▸ DATA PROVIDED:
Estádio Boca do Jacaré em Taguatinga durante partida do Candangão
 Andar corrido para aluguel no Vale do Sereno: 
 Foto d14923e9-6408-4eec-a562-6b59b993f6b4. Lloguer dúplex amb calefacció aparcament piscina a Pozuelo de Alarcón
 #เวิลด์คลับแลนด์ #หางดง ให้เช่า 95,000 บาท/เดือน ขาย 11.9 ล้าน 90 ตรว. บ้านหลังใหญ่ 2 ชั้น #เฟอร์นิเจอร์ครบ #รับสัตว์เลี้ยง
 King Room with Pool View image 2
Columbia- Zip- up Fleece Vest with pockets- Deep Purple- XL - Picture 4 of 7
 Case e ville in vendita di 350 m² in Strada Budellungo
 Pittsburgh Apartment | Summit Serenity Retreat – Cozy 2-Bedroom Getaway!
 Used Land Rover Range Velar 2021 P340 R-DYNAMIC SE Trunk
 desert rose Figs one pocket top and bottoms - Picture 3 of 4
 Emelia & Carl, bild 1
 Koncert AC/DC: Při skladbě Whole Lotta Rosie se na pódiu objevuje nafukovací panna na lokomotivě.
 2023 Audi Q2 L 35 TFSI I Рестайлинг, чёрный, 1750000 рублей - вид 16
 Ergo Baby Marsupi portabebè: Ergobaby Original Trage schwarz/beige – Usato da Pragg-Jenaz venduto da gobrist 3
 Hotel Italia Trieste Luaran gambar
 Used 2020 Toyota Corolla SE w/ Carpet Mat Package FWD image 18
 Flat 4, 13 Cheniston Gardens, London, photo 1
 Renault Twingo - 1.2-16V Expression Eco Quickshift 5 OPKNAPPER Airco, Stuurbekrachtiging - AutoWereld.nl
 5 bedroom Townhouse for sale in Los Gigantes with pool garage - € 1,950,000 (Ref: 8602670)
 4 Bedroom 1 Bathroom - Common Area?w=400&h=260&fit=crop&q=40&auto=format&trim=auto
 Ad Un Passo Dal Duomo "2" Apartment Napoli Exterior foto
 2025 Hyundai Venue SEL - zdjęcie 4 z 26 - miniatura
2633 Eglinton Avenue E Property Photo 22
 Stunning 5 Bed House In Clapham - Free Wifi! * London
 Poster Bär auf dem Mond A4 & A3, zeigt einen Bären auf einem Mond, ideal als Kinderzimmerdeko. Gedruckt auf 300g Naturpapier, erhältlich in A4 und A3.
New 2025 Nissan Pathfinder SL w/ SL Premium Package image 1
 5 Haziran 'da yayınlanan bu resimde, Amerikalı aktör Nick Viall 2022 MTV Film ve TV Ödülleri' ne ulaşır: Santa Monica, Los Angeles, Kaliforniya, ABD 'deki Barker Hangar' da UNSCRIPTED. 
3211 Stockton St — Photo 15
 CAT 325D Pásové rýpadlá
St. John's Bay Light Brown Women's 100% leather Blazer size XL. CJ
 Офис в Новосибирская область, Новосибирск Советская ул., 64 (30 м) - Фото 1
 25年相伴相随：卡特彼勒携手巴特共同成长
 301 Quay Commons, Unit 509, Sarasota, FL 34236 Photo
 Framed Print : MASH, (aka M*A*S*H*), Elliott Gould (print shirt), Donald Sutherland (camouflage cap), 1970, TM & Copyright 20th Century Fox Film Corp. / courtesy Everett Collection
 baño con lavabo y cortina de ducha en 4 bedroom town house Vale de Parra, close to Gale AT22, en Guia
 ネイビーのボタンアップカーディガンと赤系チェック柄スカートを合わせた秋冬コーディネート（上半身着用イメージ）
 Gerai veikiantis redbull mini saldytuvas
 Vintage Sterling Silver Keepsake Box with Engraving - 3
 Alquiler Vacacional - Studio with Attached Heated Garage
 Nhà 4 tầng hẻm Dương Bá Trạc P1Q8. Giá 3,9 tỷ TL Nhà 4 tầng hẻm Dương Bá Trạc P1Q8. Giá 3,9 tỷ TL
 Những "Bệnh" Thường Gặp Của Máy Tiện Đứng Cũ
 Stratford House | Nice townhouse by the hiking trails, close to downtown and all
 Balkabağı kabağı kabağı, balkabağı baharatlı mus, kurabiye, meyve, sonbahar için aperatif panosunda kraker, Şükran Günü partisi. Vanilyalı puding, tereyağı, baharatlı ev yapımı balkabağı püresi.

▸ WHAT TO PRODUCE: Copy every record once more, exactly as given.

▸ ANSWER BELOW:
Estádio Boca do Jacaré em Taguatinga durante partida do Candangão
 Andar corrido para aluguel no Vale do Sereno: 
 Foto d14923e9-6408-4eec-a562-6b59b993f6b4. Lloguer dúplex amb calefacció aparcament piscina a Pozuelo de Alarcón
 #เวิลด์คลับแลนด์ #หางดง ให้เช่า 95,000 บาท/เดือน ขาย 11.9 ล้าน 90 ตรว. บ้านหลังใหญ่ 2 ชั้น #เฟอร์นิเจอร์ครบ #รับสัตว์เลี้ยง
 King Room with Pool View image 2
Columbia- Zip- up Fleece Vest with pockets- Deep Purple- XL - Picture 4 of 7
 Case e ville in vendita di 350 m² in Strada Budellungo
 Pittsburgh Apartment | Summit Serenity Retreat – Cozy 2-Bedroom Getaway!
 Used Land Rover Range Velar 2021 P340 R-DYNAMIC SE Trunk
 desert rose Figs one pocket top and bottoms - Picture 3 of 4
 Emelia & Carl, bild 1
 Koncert AC/DC: Při skladbě Whole Lotta Rosie se na pódiu objevuje nafukovací panna na lokomotivě.
 2023 Audi Q2 L 35 TFSI I Рестайлинг, чёрный, 1750000 рублей - вид 16
 Ergo Baby Marsupi portabebè: Ergobaby Original Trage schwarz/beige – Usato da Pragg-Jenaz venduto da gobrist 3
 Hotel Italia Trieste Luaran gambar
 Used 2020 Toyota Corolla SE w/ Carpet Mat Package FWD image 18
 Flat 4, 13 Cheniston Gardens, London, photo 1
 Renault Twingo - 1.2-16V Expression Eco Quickshift 5 OPKNAPPER Airco, Stuurbekrachtiging - AutoWereld.nl
 5 bedroom Townhouse for sale in Los Gigantes with pool garage - € 1,950,000 (Ref: 8602670)
 4 Bedroom 1 Bathroom - Common Area?w=400&h=260&fit=crop&q=40&auto=format&trim=auto
 Ad Un Passo Dal Duomo "2" Apartment Napoli Exterior foto
 2025 Hyundai Venue SEL - zdjęcie 4 z 26 - miniatura
2633 Eglinton Avenue E Property Photo 22
 Stunning 5 Bed House In Clapham - Free Wifi! * London
 Poster Bär auf dem Mond A4 & A3, zeigt einen Bären auf einem Mond, ideal als Kinderzimmerdeko. Gedruckt auf 300g Naturpapier, erhältlich in A4 und A3.
New 2025 Nissan Pathfinder SL w/ SL Premium Package image 1
 5 Haziran 'da yayınlanan bu resimde, Amerikalı aktör Nick Viall 2022 MTV Film ve TV Ödülleri' ne ulaşır: Santa Monica, Los Angeles, Kaliforniya, ABD 'deki Barker Hangar' da UNSCRIPTED. 
3211 Stockton St — Photo 15
 CAT 325D Pásové rýpadlá
St. John's Bay Light Brown Women's 100% leather Blazer size XL. CJ
 Офис в Новосибирская область, Новосибирск Советская ул., 64 (30 м) - Фото 1
 25年相伴相随：卡特彼勒携手巴特共同成长
 301 Quay Commons, Unit 509, Sarasota, FL 34236 Photo
 Framed Print : MASH, (aka M*A*S*H*), Elliott Gould (print shirt), Donald Sutherland (camouflage cap), 1970, TM & Copyright 20th Century Fox Film Corp. / courtesy Everett Collection
 baño con lavabo y cortina de ducha en 4 bedroom town house Vale de Parra, close to Gale AT22, en Guia
 ネイビーのボタンアップカーディガンと赤系チェック柄スカートを合わせた秋冬コーディネート（上半身着用イメージ）
 Gerai veikiantis redbull mini saldytuvas
 Vintage Sterling Silver Keepsake Box with Engraving - 3
 Alquiler Vacacional - Studio with Attached Heated Garage
 Nhà 4 tầng hẻm Dương Bá Trạc P1Q8. Giá 3,9 tỷ TL Nhà 4 tầng hẻm Dương Bá Trạc P1Q8. Giá 3,9 tỷ TL
 Những "Bệnh" Thường Gặp Của Máy Tiện Đứng Cũ
 Stratford House | Nice townhouse by the hiking trails, close to downtown and all
 Balkabağı kabağı kabağı, balkabağı baharatlı mus, kurabiye, meyve, sonbahar için aperatif panosunda kraker, Şükran Günü partisi. Vanilyalı puding, tereyağı, baharatlı ev yapımı balkabağı püresi.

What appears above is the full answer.